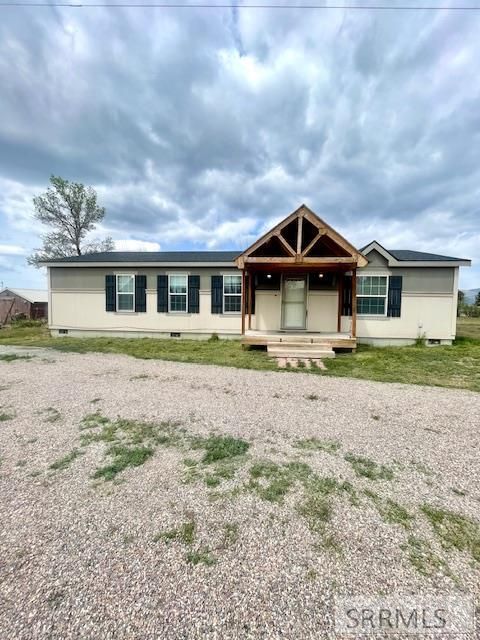 Mobile Home For Sale - 3075 W 2500 N<br/> ARCO, ID 83213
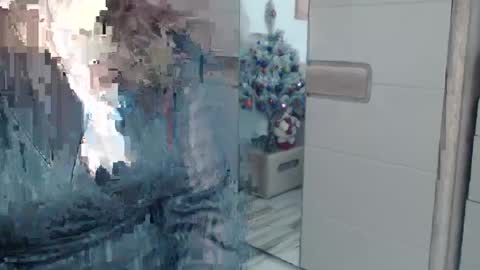 curvyanna13 online show from January 2025 02:30:01 PM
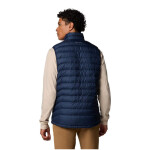 Columbia Powder Lite II Vest M 2086974464 pánske M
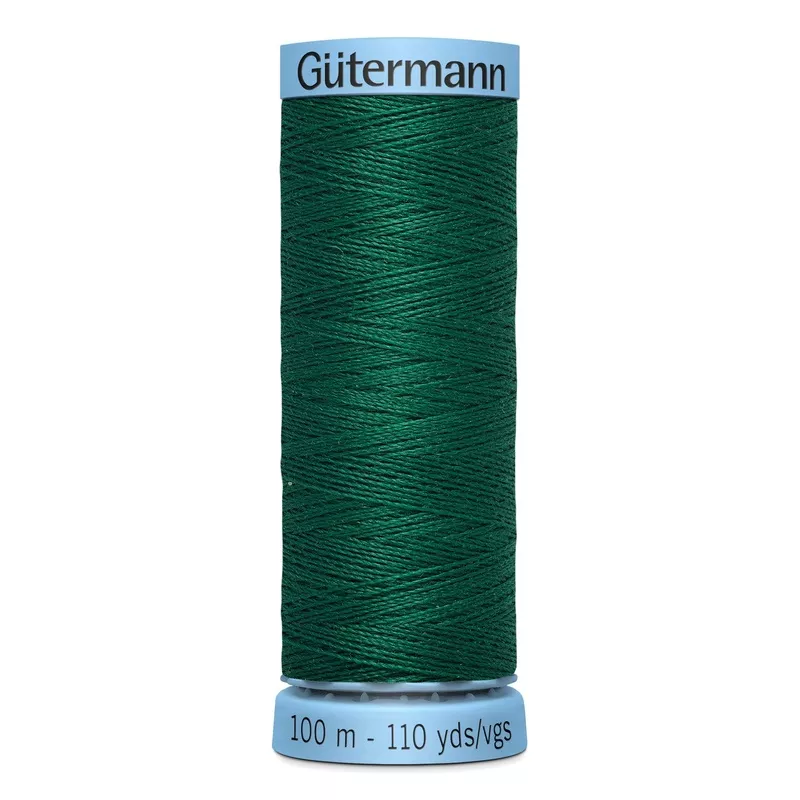 0403 Garden - Gutermann 30wt Silk Thread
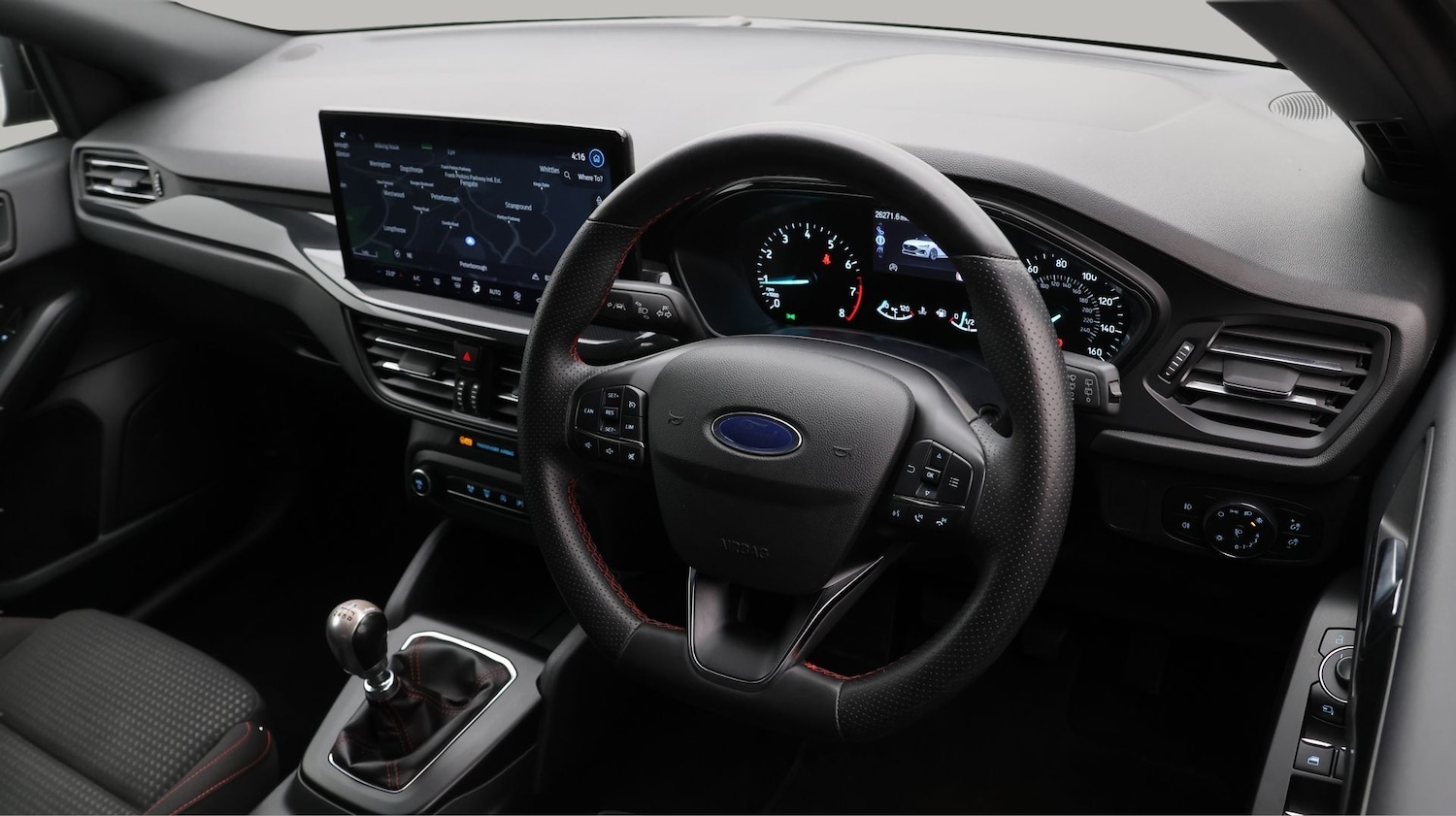 Used Ford Focus 2024 for sale - 77363848: Photo 9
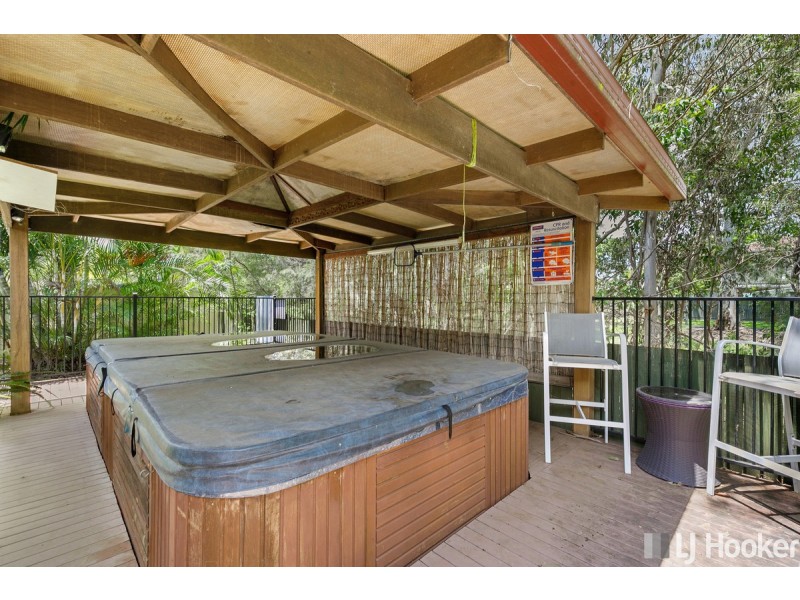 16 Capricorn Drive, Cleveland QLD 4163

--------------------------------------------------

**What the task requires:** Nothing but the pictures may be dropped; output the records above exactly.

**Output for this exercise:**
 Mobile Home For Sale - 3075 W 2500 N<br/> ARCO, ID 83213
 curvyanna13 online show from January 2025 02:30:01 PM
 Columbia Powder Lite II Vest M 2086974464 pánske M
 0403 Garden - Gutermann 30wt Silk Thread
 Used Ford Focus 2024 for sale - 77363848: Photo 9
 16 Capricorn Drive, Cleveland QLD 4163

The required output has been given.